The certified slate included 16 presidential candidates and 85 Navajo Nation Council delegate candidates, according to the Navajo Board of Election Supervisors. The 2026 candidate list also includes races for Navajo Board of Election Supervisors, Navajo Nation Board of Education, Kayenta Township Commissioners and Naschitti Chapter Governance Commissioners. The primary was moved to July 21 to align with Arizona’s state and county elections, and candidate filing opened April 9 before closing April 23. That compressed calendar leaves little room for campaigns in and around Gallup, Window Rock and other chapter communities to plan around a stable ballot, especially when a grievance can redraw the field after candidates have already started spending money and time.

The unresolved races also expose how much authority the appeals process carries inside Navajo election administration.

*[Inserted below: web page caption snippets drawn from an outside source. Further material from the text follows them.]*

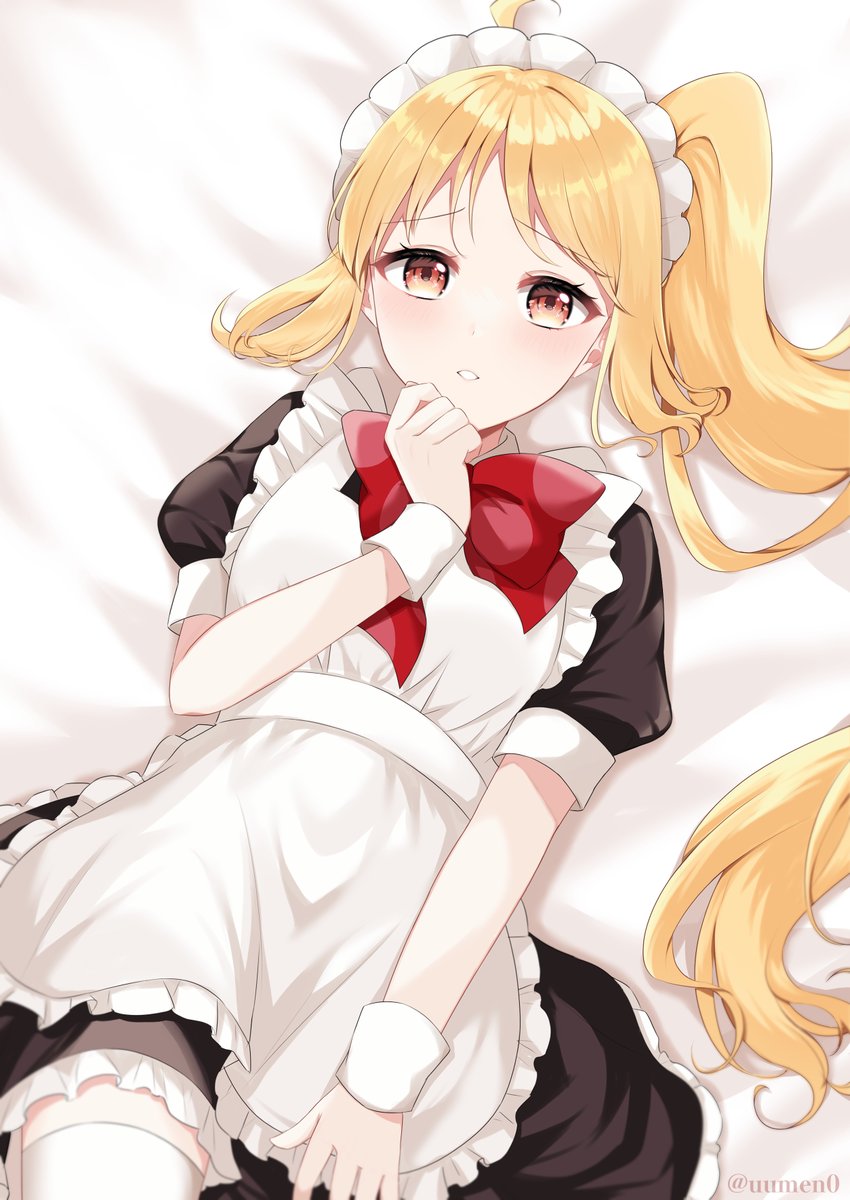 ijichi nijika 1girl solo blonde hair maid apron long hair maid headdress  illustration images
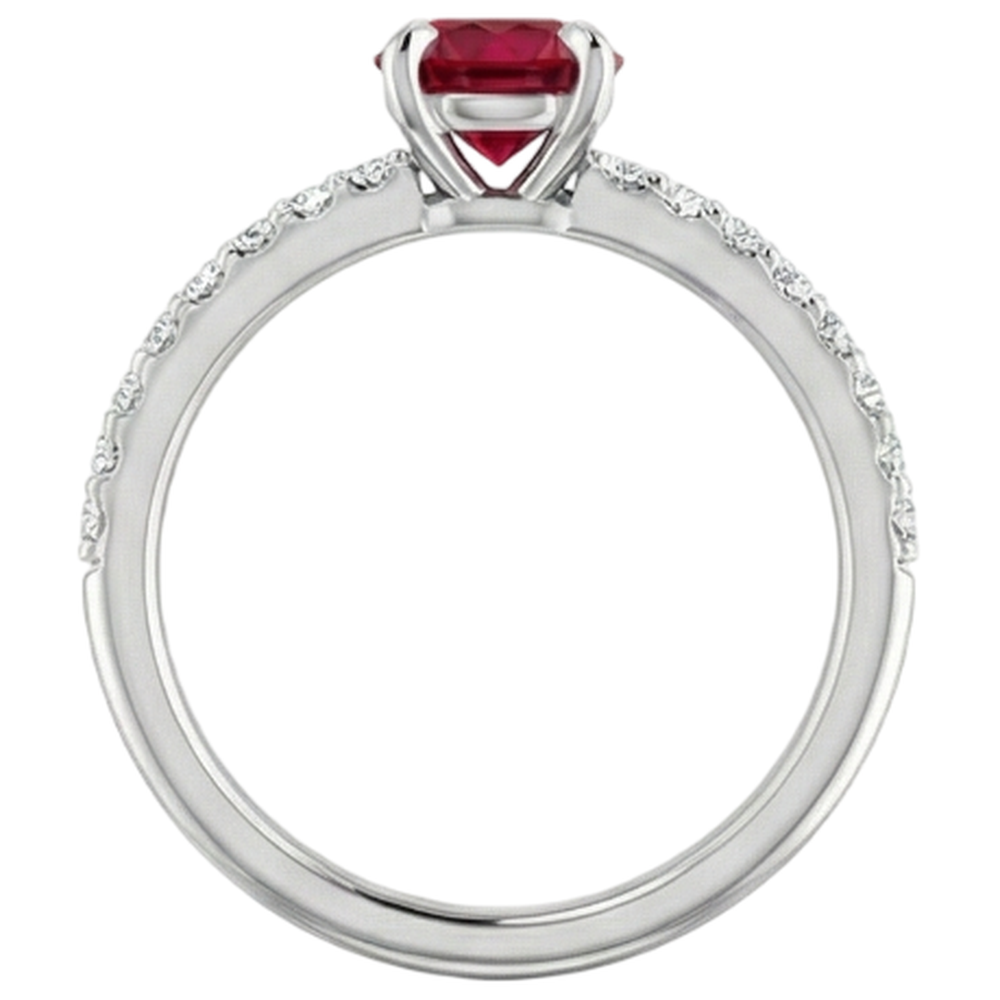 Runder Rubin- und Aus der Erde Abgebauter Natürlicher Diamantenring 0,95 Karat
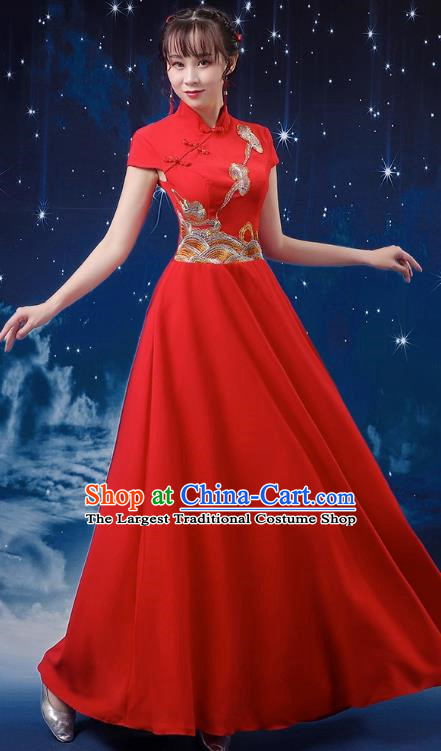 Red Choir Performance Clothing Women Long Skirt Conductor Dress Poetry Recitation Stage Performance Clothing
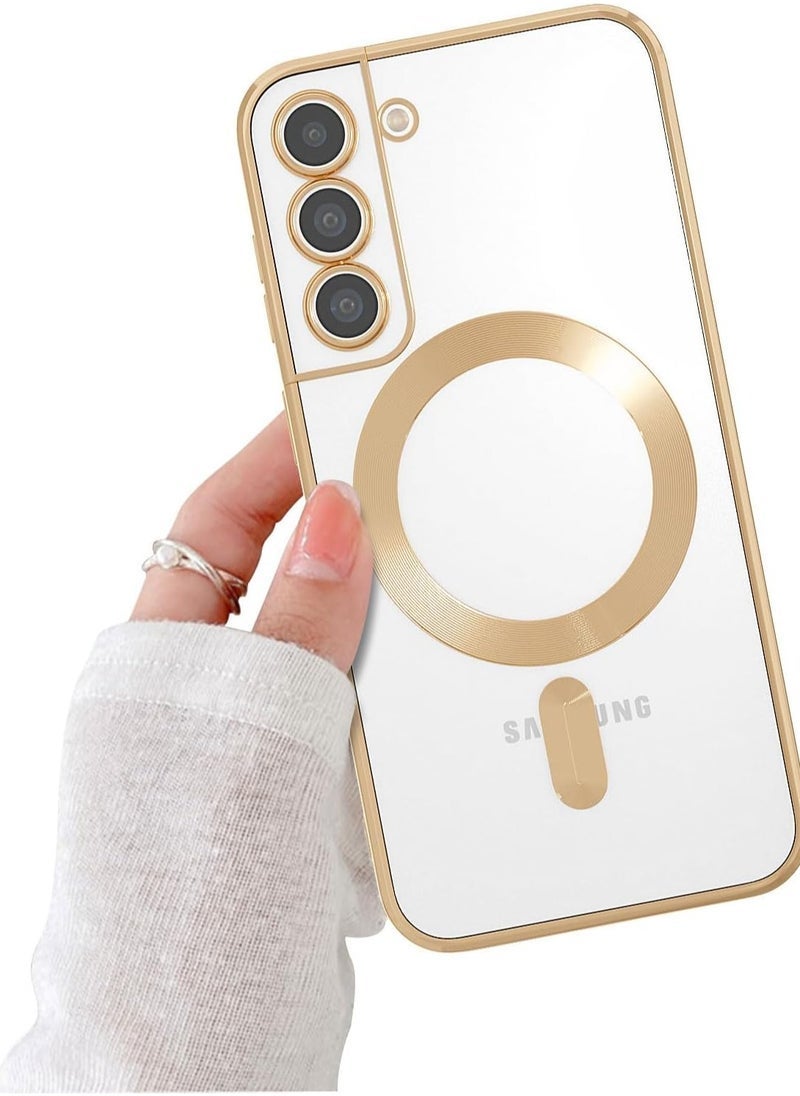 Raxoom Magnetic Samsung Galaxy S22 Case â€“ Electroplated Clear Slim Design with Gold Edges, Camera Protection, Shockproof & MagSafe-Compatible Case for Samsung S22 - Image 1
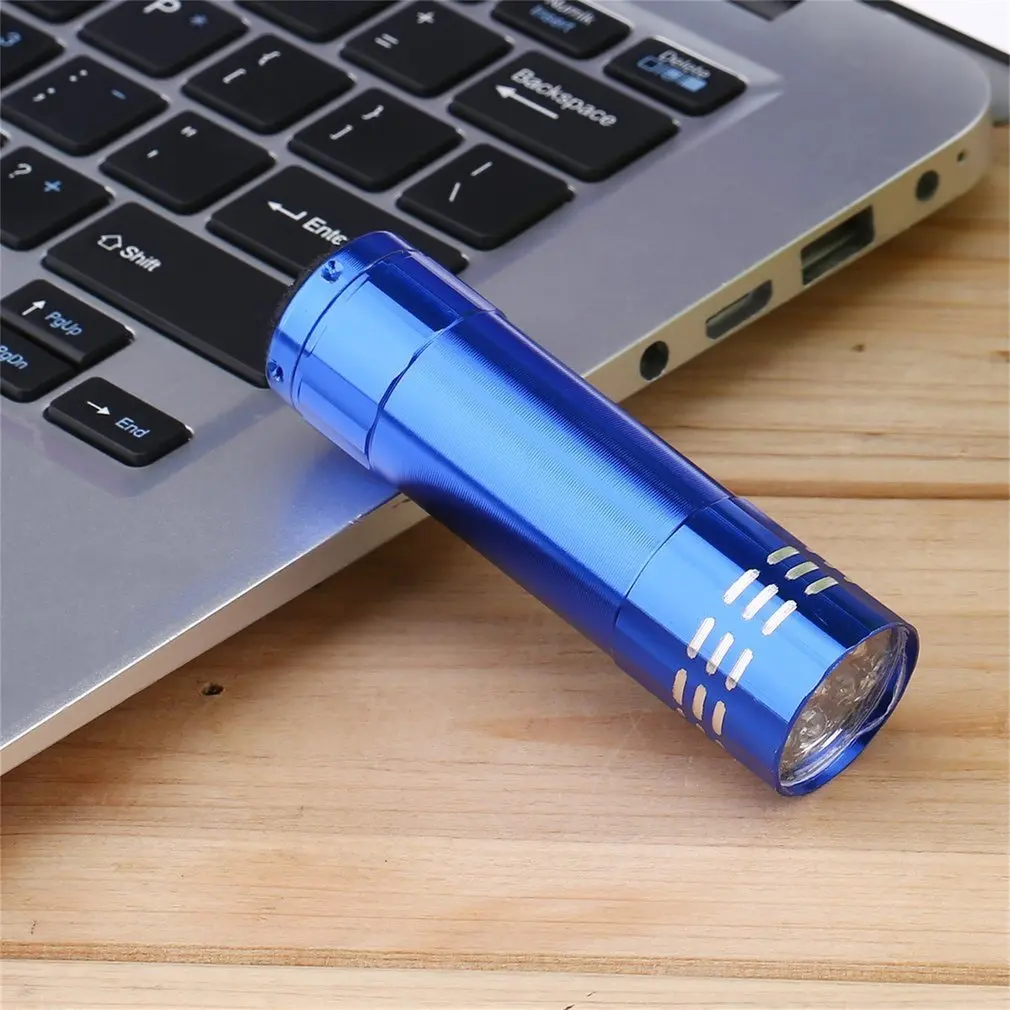 

Ultraviolet 9 LED Flashlight Black Purple light Torch Light Lamp Black AAA Mini Protable Aluminum UV New Year's product Unique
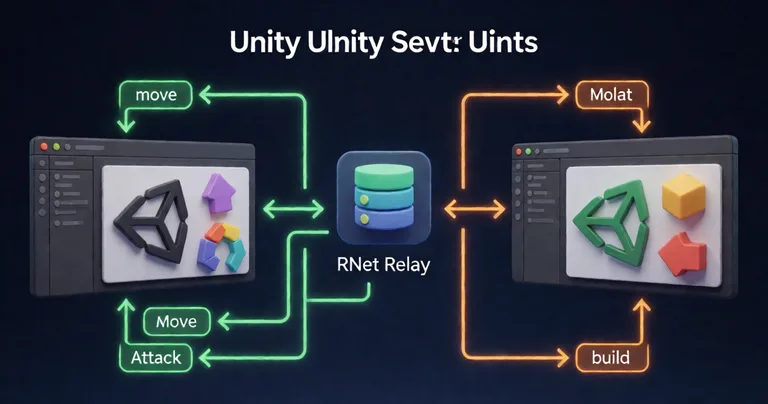A diagram showing two Unity clients connected via a networking library, with arrows representing command messages (move…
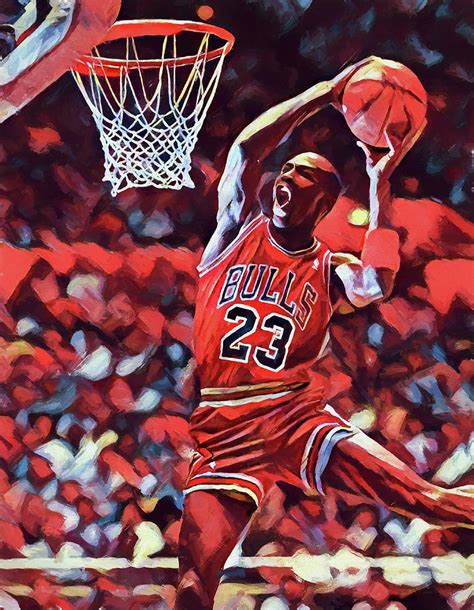 Michael Jordan Slam Dunk Painting By Dan Sproul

If the Office of Hearings and Appeals sides with a grievance, a candidate can be kept on or knocked off the ballot after certification has already been announced. That is not a minor procedural detail for voters trying to keep track of their local delegate contest; it is the difference between a contested race and one that disappears before primary day. With more than a dozen delegate contests still unsettled, some communities may not know who they are choosing until the final rulings are issued.

The stakes are familiar. In 2024, 192 candidates were disqualified under a campaign finance law, and only one of those disqualifications was later reversed before the election. A 2025 round of disputes also showed grievances lingering at the hearings office and leaving some seats unfilled. That history makes the current uncertainty more than a paperwork problem for McKinley County. It is another reminder that Navajo elections can turn on decisions made well before voters reach the polls, and that the final shape of the July 21 ballot may not be settled until the appeals process is finished.